- _Exercise brief_
When the line with "brenda 24 orëve" turns up below, begin repeating exactly, and carry on through the line with "Apartamento T6 para"; no pictures go into the copy.

- _Dataset excerpts_
=-=-=-=-=

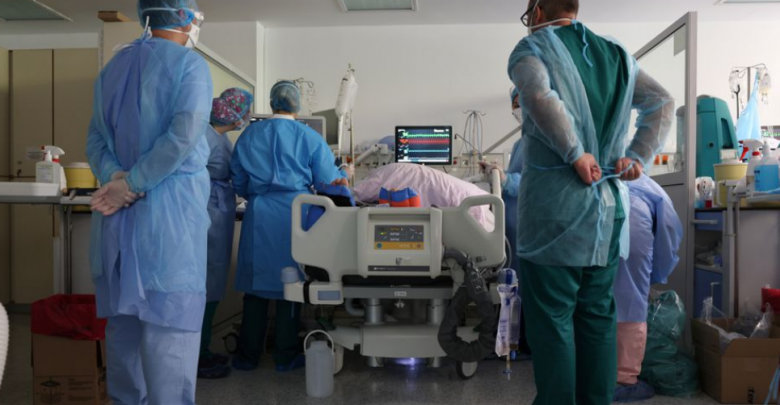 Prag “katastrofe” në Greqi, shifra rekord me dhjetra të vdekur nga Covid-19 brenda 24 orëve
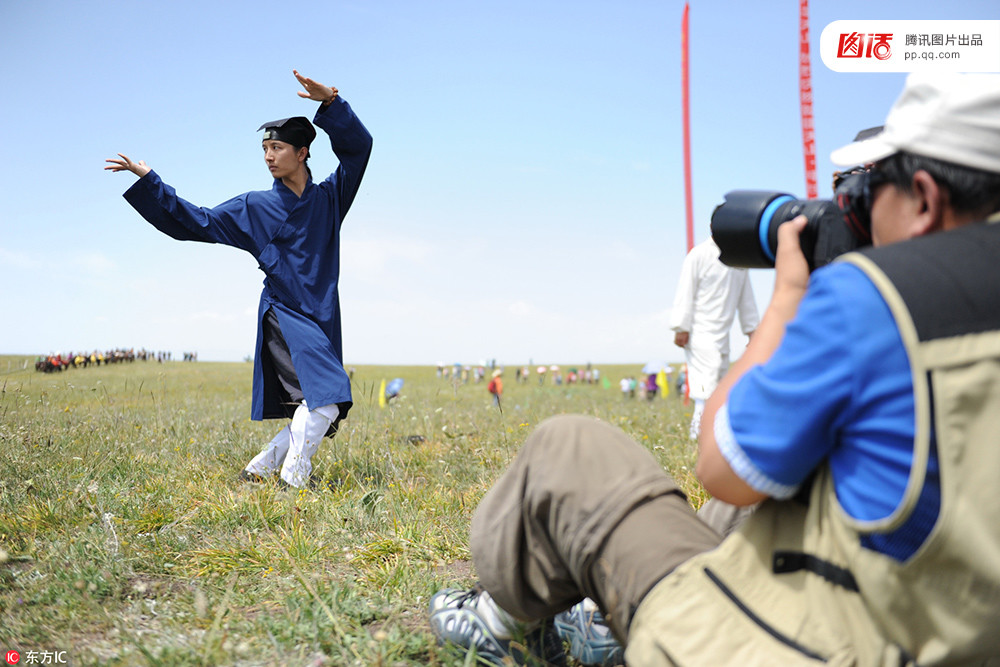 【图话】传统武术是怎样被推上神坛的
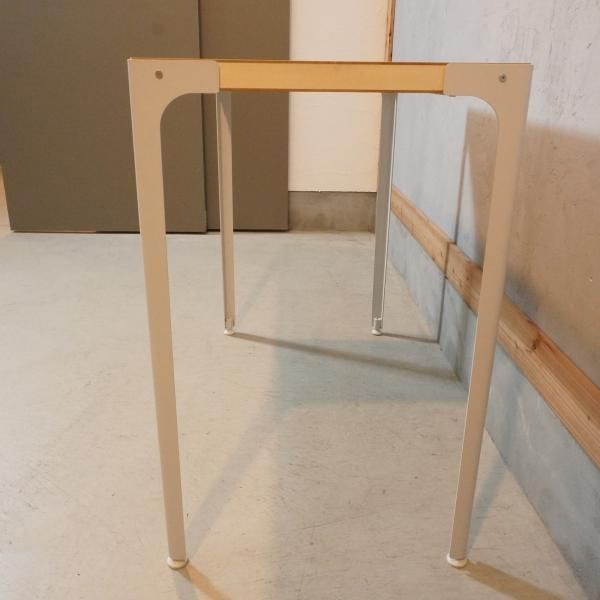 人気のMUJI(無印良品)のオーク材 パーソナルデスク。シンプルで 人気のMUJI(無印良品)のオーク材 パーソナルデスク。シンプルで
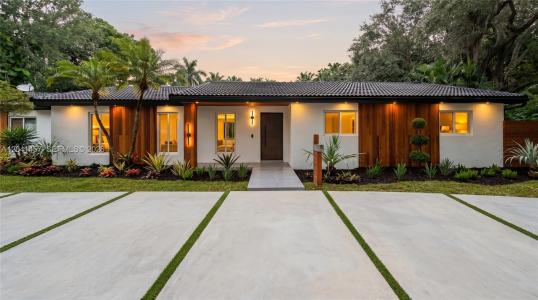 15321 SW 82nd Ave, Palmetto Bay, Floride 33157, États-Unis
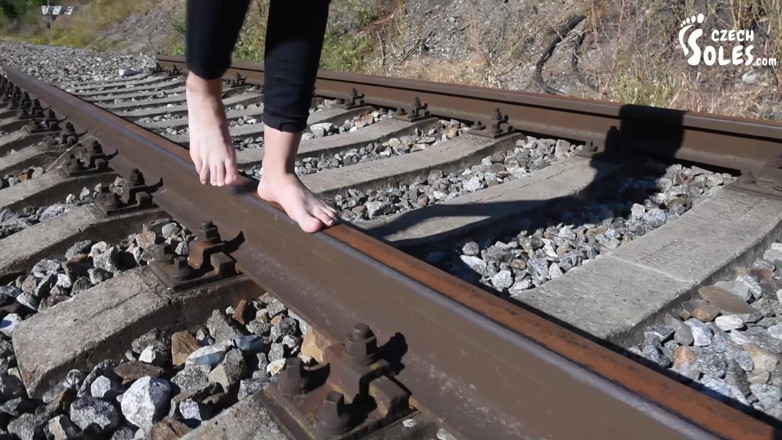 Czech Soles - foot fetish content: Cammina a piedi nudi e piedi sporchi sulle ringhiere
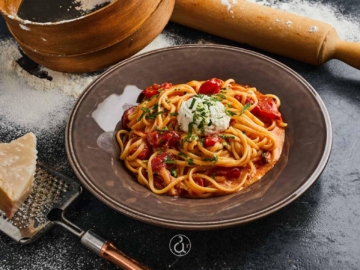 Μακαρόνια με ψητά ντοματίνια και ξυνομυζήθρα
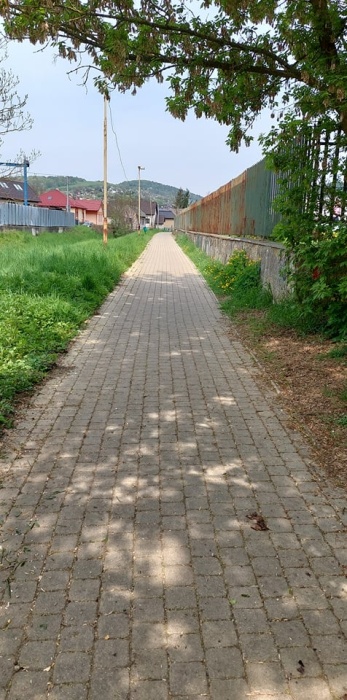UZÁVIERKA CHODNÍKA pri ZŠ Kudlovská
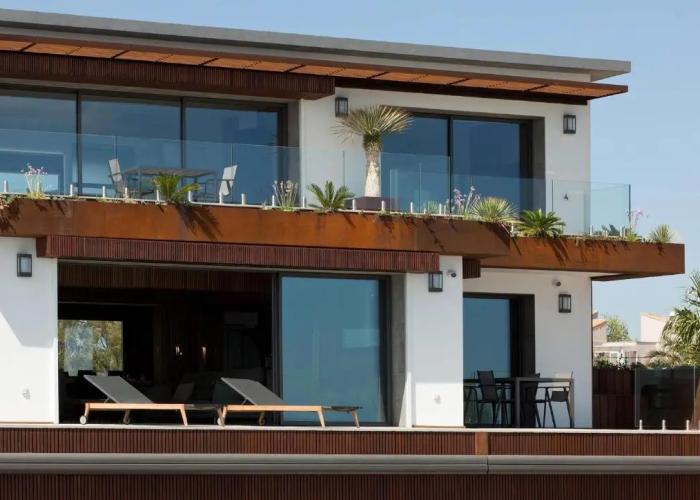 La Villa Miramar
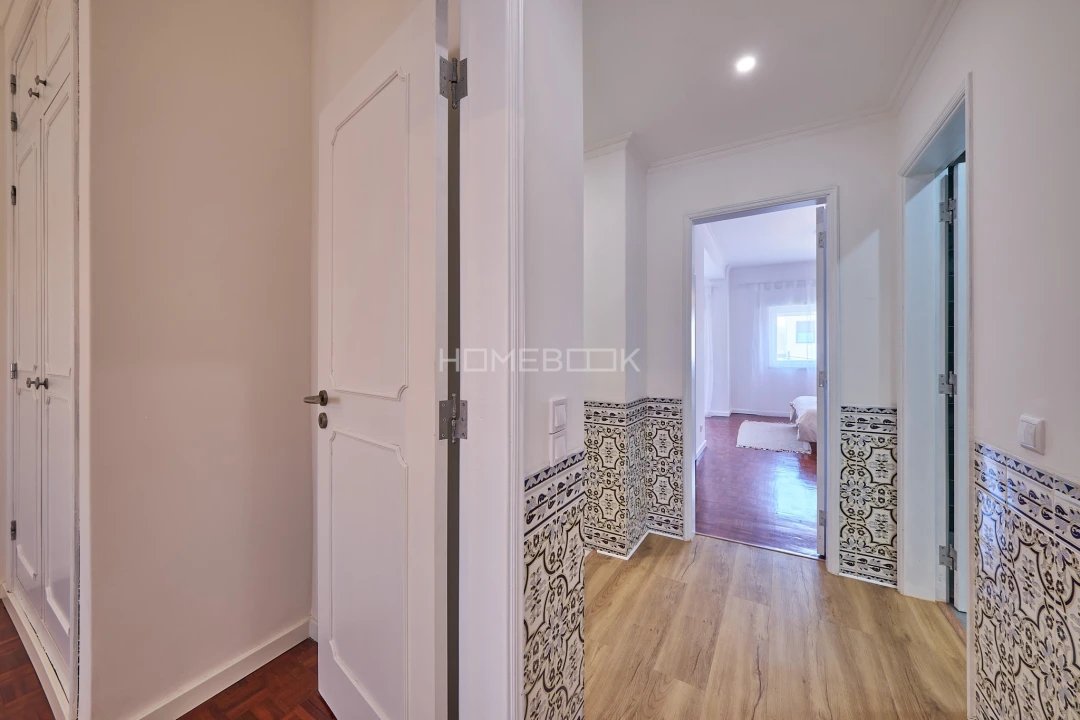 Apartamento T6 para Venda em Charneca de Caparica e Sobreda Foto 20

=-=-=-=-=

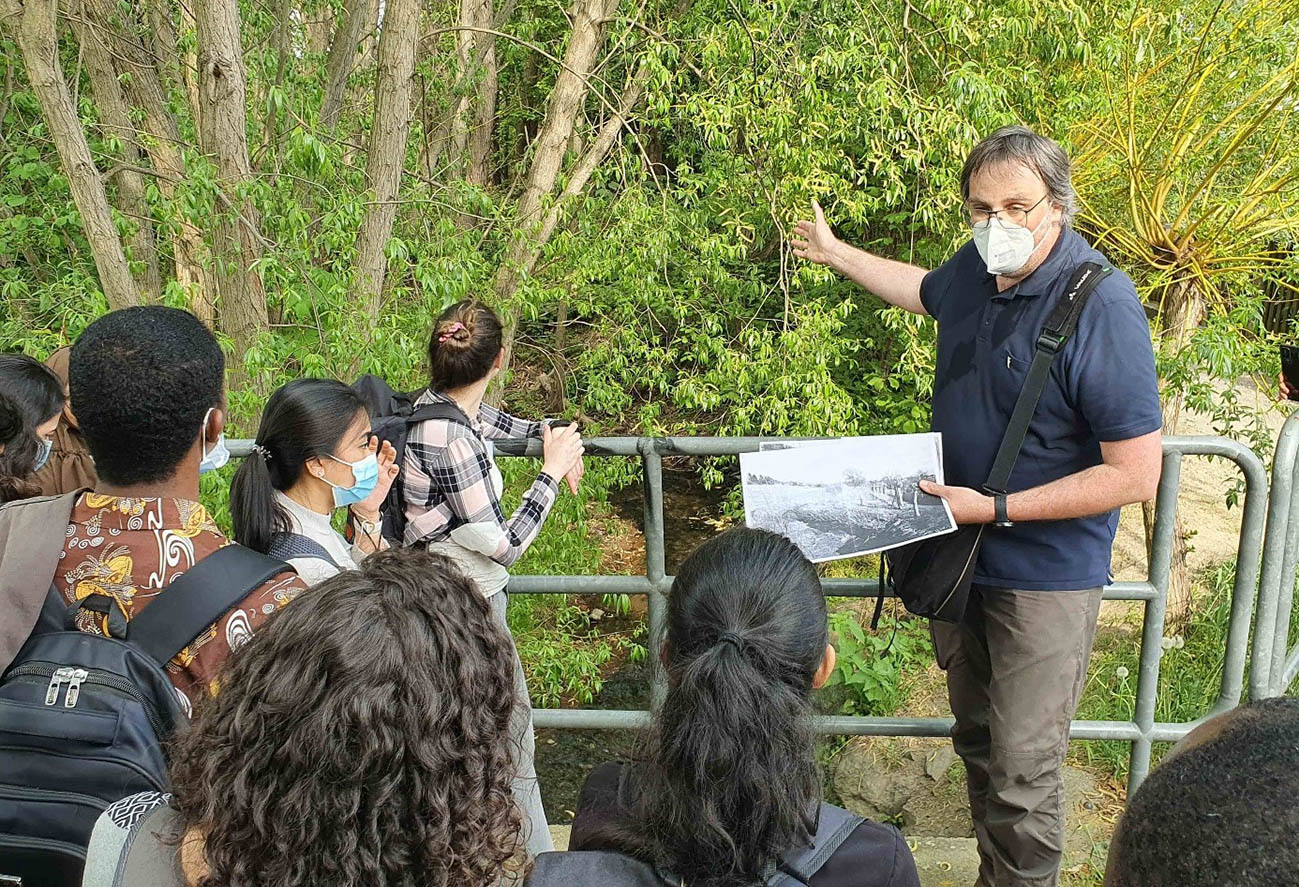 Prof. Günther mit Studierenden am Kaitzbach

=-=-=-=-=

- _Your solution_
 Prag “katastrofe” në Greqi, shifra rekord me dhjetra të vdekur nga Covid-19 brenda 24 orëve
 【图话】传统武术是怎样被推上神坛的
 人気のMUJI(無印良品)のオーク材 パーソナルデスク。シンプルで 人気のMUJI(無印良品)のオーク材 パーソナルデスク。シンプルで
 15321 SW 82nd Ave, Palmetto Bay, Floride 33157, États-Unis
 Czech Soles - foot fetish content: Cammina a piedi nudi e piedi sporchi sulle ringhiere
 Μακαρόνια με ψητά ντοματίνια και ξυνομυζήθρα
UZÁVIERKA CHODNÍKA pri ZŠ Kudlovská
 La Villa Miramar
 Apartamento T6 para Venda em Charneca de Caparica e Sobreda Foto 20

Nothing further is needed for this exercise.